La luzerne récoltée en ensilage ou en enrubanné distribuée dans la ration mélangée à hauteur de 5 kg par vache par jour, permet de déconcentrer l’énergie « amidon » de la ration et apporte une source de protéine non négligeable lorsque l’on est sur des deuxièmes coupes et suivantes.

La structure fibreuse de la ration en est également améliorée.

Une ration efficace mais assez coûteuse

La ration du Val Saint Jean est efficace, sur une moyenne de douze mois, les vaches ont produit 28,5 kg de lait à 39,7 et TB et 33,9 de TP.  La consommation moyenne est de 23,8 kg de MS totale (fourrages + concentrés).

L’efficacité alimentaire est un critère important en ration mélangée complète ou semi-complète. Elle est ici de 1,2 kg de lait produit par kg de MS ingéré. La ration complète est composée de 38 kg de maïs ensilage, 5kg d’ensilage de luzerne, 2 kg de foin, 1kg d’orge et 3 kg de correcteur azoté (60% colza – 40% soja).

Une VL complémentaire est distribuée au robot pour faire venir les vaches.

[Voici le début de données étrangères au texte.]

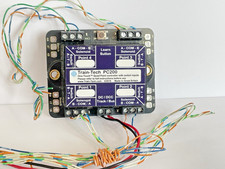 Train Tech PC200 DCC Quad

Nous pouvons noter ici qu’en moyenne les vaches viennent se faire traire 2,8 fois par jour. Le coût total de la ration est de 118,5 euros par tonne de lait dont 67,7 euros de coût de concentré. Ce qui est malgré tout élevé et qui mériterait d’être optimisé.

Les pistes envisagées pour réduire le coût alimentaire

Lors de la discussion avec les éleveurs, plusieurs pistes permettant une réduction du coût alimentaire ont été évoquées. La première fut celle du pâturage.

Mais elle ne sera pas retenue sur cette exploitation, non pas en raison de la présence du robot car le pâturage avec robot est possible avec quelques moyens tels que la mise en place de portes intelligentes en sortie de bâtiment, mais pour des raisons de charge et d’organisation du travail.

Le second point abordé est celui de l’aliment distribué au robot. Il s’agit d’une VL spéciale avec des agents d’appétence pour attirer les vaches et les encourager à venir se faire traire. Cet aliment coûte cher. Il est donc proposé aux éleveurs de le remplacer par un aliment simple, voire une matière première telle que de la drêche de blé déshydratée.

La fréquentation du robot ne devrait pas en être impactée, à un tel niveau de production (environ 30kg de moyenne) les vaches viendront se faire traire volontairement.

Seuls les animaux en fin de lactation ayant moins de lait peuvent éventuellement baisser leur rythme de fréquentation du robot, ce qui n’est pas un problème et qui n’impactera pas le niveau moyen du troupeau.

L’autre point en réflexion sur le Gaec est l’achat de tourteau en grande quantité auprès de négociants. Ce dernier point permettrait d’acheter au meilleur prix, mais il reste à organiser le stockage et la reprise de cet aliment.

Ces différents projets vont faire l’objet d’une poursuite de réflexion par les membres du GAEC avec l’accompagnement de leur conseiller d’élevage.